Chapter 16:1-9. There is some similarity of images between this cycle and with the cycle of the seven trumpets. There is, first of all, the idea that the penalty for a curse of sin should be appropriate to the act. Just like in the Old Testament and the New Testament, Revelation holds to the same principle: For men have she the blood of saints and prophets, and thou hast given them blood to drink. It is their due! (v.6)
The second point to be especially noted is the reference at the conclusion of verse 9. In spite of all the judgments and in spite of know that these had come from God because of their activity and participation in demonic evil, people still did not begin to repent and give glory to God.
Chapter 16:10-16. The reader or hearer learns specifically that these judgments are directed at the beast and those who follow the beast. This is clear in the episode of the fifth bowl (vv.10-11).
One of the most controversial passages in the book of Revelation is now encountered. An invasion from the east is described, a gathering for a great battle at the place called Armageddon. The fire of the invaders from the east is an apocalyptic means to raise the specter of the judgment on Rome. The Parthian Empire, great successor to the Old Persian Empire, was greatly feared in that section of the world by the Romans. To suggest this figure was a means John used to bolster the hopes of the faithful. God could and would use others to break the yoke of Rome’s persecution.
An assembling for battle is not described (v. 14). This gathering takes place at Armageddon. Who has not heard of this awesome place and of the horrors associated with the great conflict there?
The interpreter notes first that the word Armageddon is not a Greek word but is borrowed from Hebrew or Aramaic. Numerous identifications of the word have been made. To cite only a few, one finds “marauding mountain,” “the desirable city,” “the fruitful mountain,” “the mountain of meeting,” among others. Some have made specific identifications based on geography: “Mt. Carmel,” “the city of Megiddo,” or “the mount (hill) of Megiddo.”
Most commentators, however, think that the term derives from the Hebrew city Megiddo. (Whether the “Ar” or “Har” with it refers to “city” or “mountain” is largely irrelevant.) Why would that city be of some significance in this context? Many of the most significant battles that had great influence for the people of God were fought at or near Megiddo. The reason for this lay in the geographical setting of the city. It was near the entryway into the land from the north in the Plain of Esdraelon or Valley of Jezreel and was strategically located at the place where invaders were best confronted so as to keep them out of the land.
The interesting aspect of the description of Armageddon in this bowl cycle is that no battle is fought. They gather for battle, but God intervenes (in typical apocalyptic fashion) and destroys the enemies of the people of God without a battle. One also notes with interest that this is the only place in the entire Bible where the term Armageddon is found.
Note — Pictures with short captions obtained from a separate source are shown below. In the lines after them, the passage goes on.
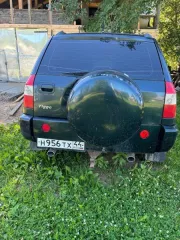 Автомобиль Чери SUV T11, 2007 г.в., г/н Н956ТХ44, VIN XUVDB14B170010907 (Реализация по прямому назначению). Цвет зеленый, имеются следы коррозии на порогах, на дверях, повреждение на правой передней двери, спущены оба передних колеса, заднее правое, на все колеса установлены литые диски, на заднем…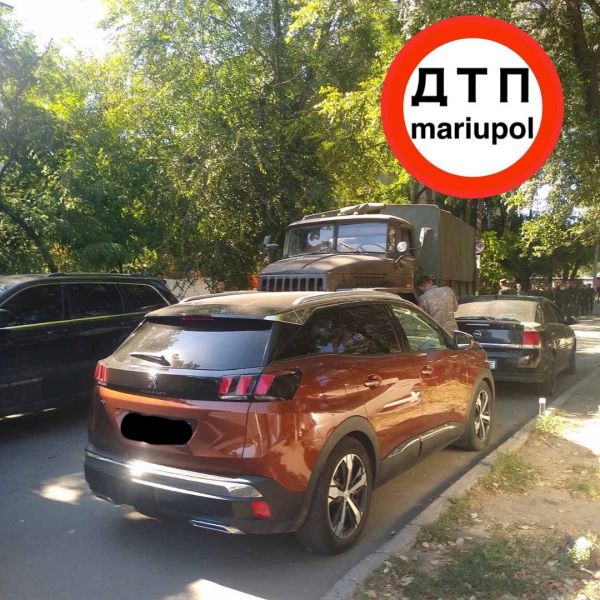 В Мариуполе произошло массовое ДТП с участием пяти автомобилей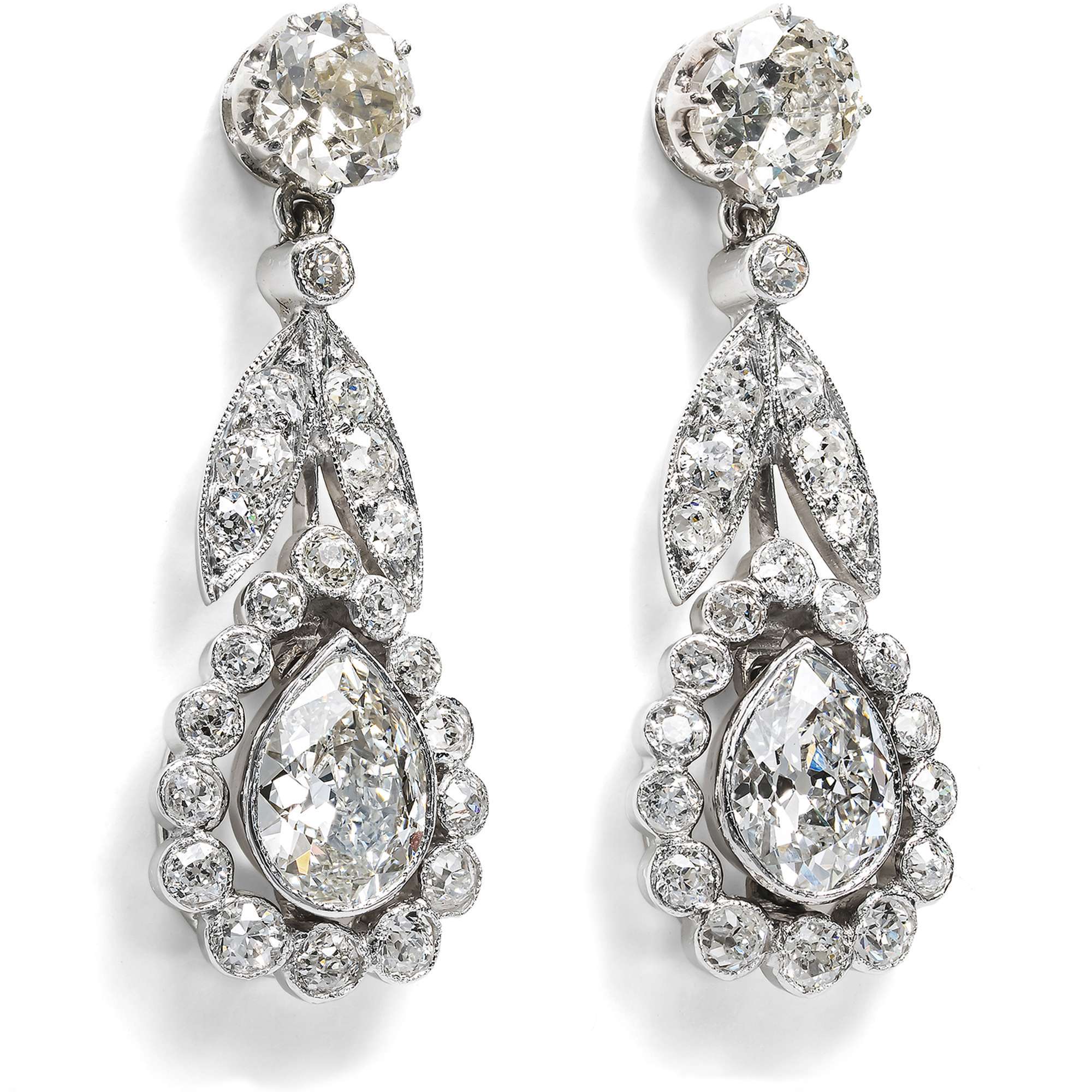 625503-hofer-antikschmuck-Kostbare-Ohrringe-mit-Diamanten-im-Altschliff-in-Platin-um-1910-Blueten-aus-Eis_3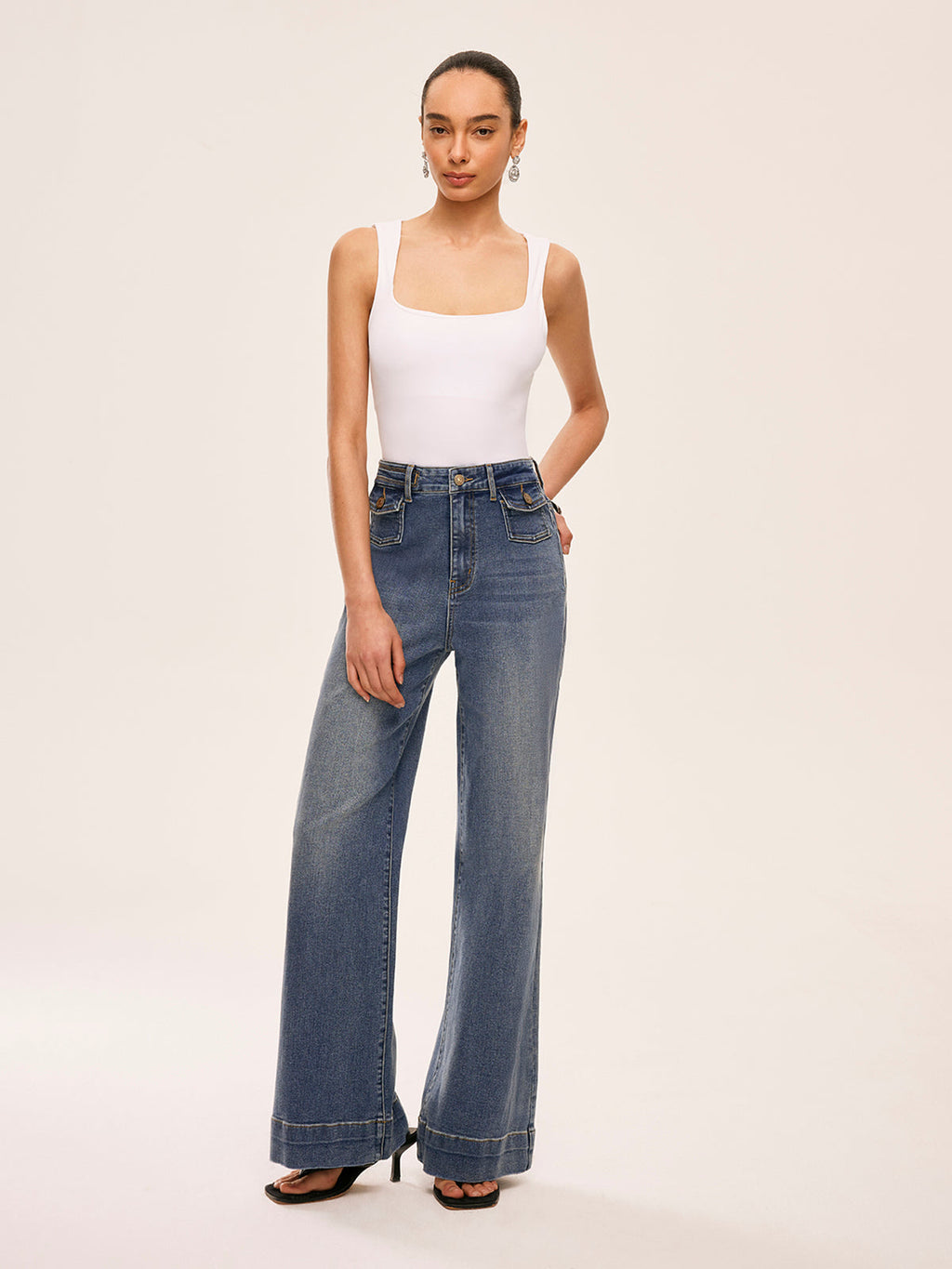 Hose mit mittelhohem Bund und Ziertaschen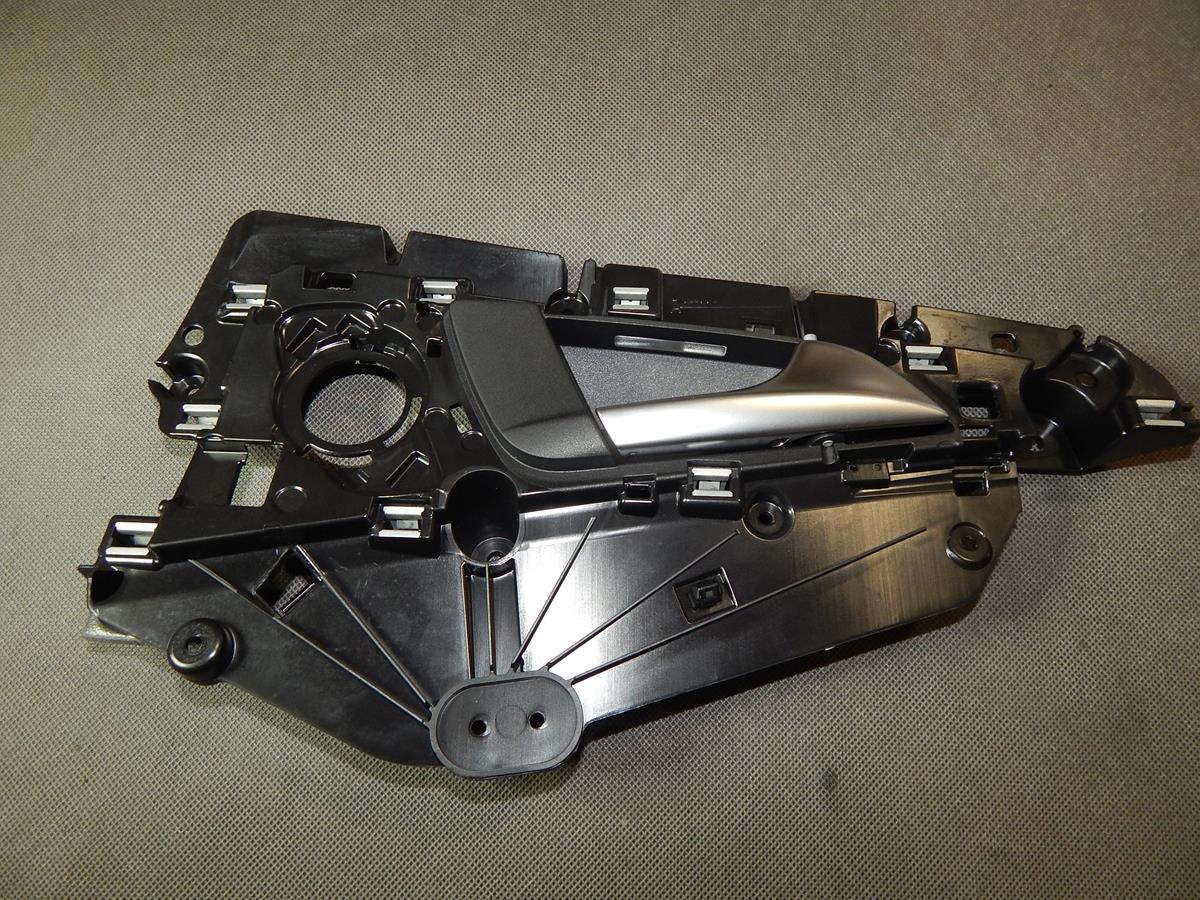 AUDI A6 S6 INTERIOR DOOR HANDLE RIGHT REAR 4G0839020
Chapter 16:17-20. The seventh bowl describes in typical apocalyptic imagery the fall of “Babylon.” By now everyone knows that Babylon represents Rome, the persecutor of God’s people.
In verse 20 there are references to islands and mountains (hills). Some commentators understand the islands to be a reference to the Roman islands used for detaining banished people (such as John, perhaps?) and the hills to be a reference to the hills upon which Rome had been built.
Interestingly enough those who are judged still blame God for their fate-a fate they have chosen.